### What the task requires
Transcribe the line holding "Hello guys, welcome." together with every line after it, through the end of the records, exactly and with no pictures.

Dataset entries
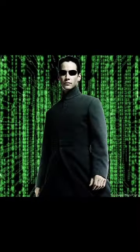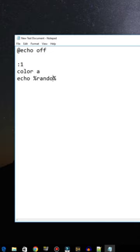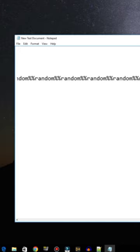How to make a colorful matrix effect in a batch file. Write echo off, then color A, and write echo %random%, then copy and paste it many times.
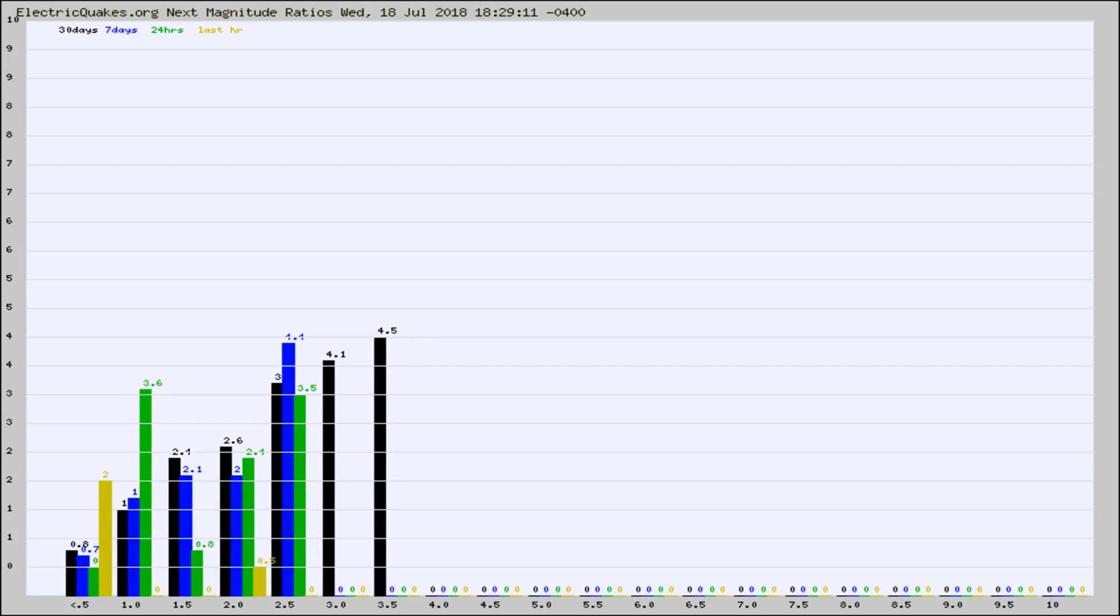Again, the black column is 30 days, blue is 7, green is 24 hours, and gold is in the last hour.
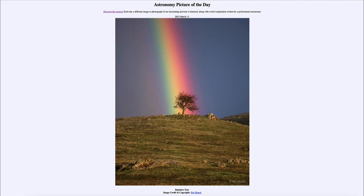A rainbow forms 360 degrees. When we are on earth, it gets cut off by the horizon, giving the illusion that the rainbow ends someplace — but it really would just continue on if it were not for the horizon and the earth's surface in the way.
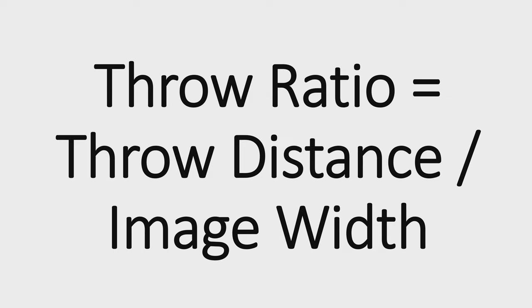Hello guys, welcome. I am Jayce and I'm going to cover the projector throw ratio in this video.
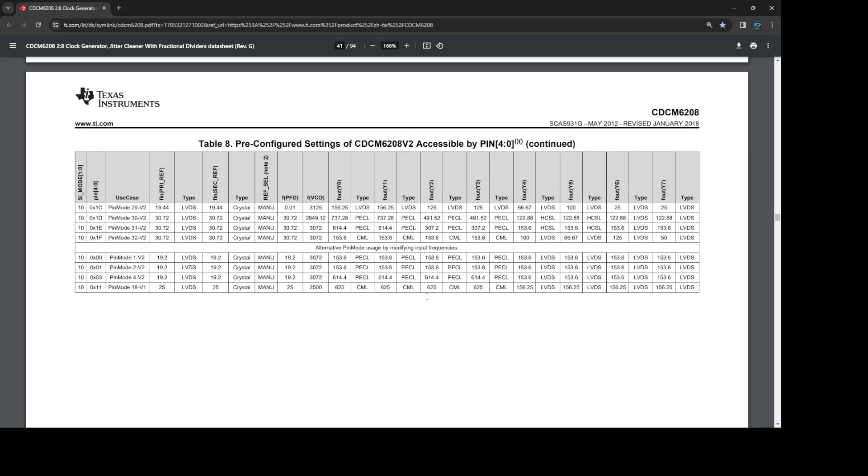All those clocks are based on the crystal that I used. The crystal here was, as you can see, 30.72 megahertz, and that was a decision which I took when I made the schematics. Now when I built the board, I didn't have a quartz of this value, so I put 30 megahertz, assuming that 30 megahertz instead of 30.72 is not going to make a big deal because those frequencies will shift slightly, but they're going to shift by the same amount. It should work. Well, it didn't.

### Answer below
Hello guys, welcome. I am Jayce and I'm going to cover the projector throw ratio in this video.
All those clocks are based on the crystal that I used. The crystal here was, as you can see, 30.72 megahertz, and that was a decision which I took when I made the schematics. Now when I built the board, I didn't have a quartz of this value, so I put 30 megahertz, assuming that 30 megahertz instead of 30.72 is not going to make a big deal because those frequencies will shift slightly, but they're going to shift by the same amount. It should work. Well, it didn't.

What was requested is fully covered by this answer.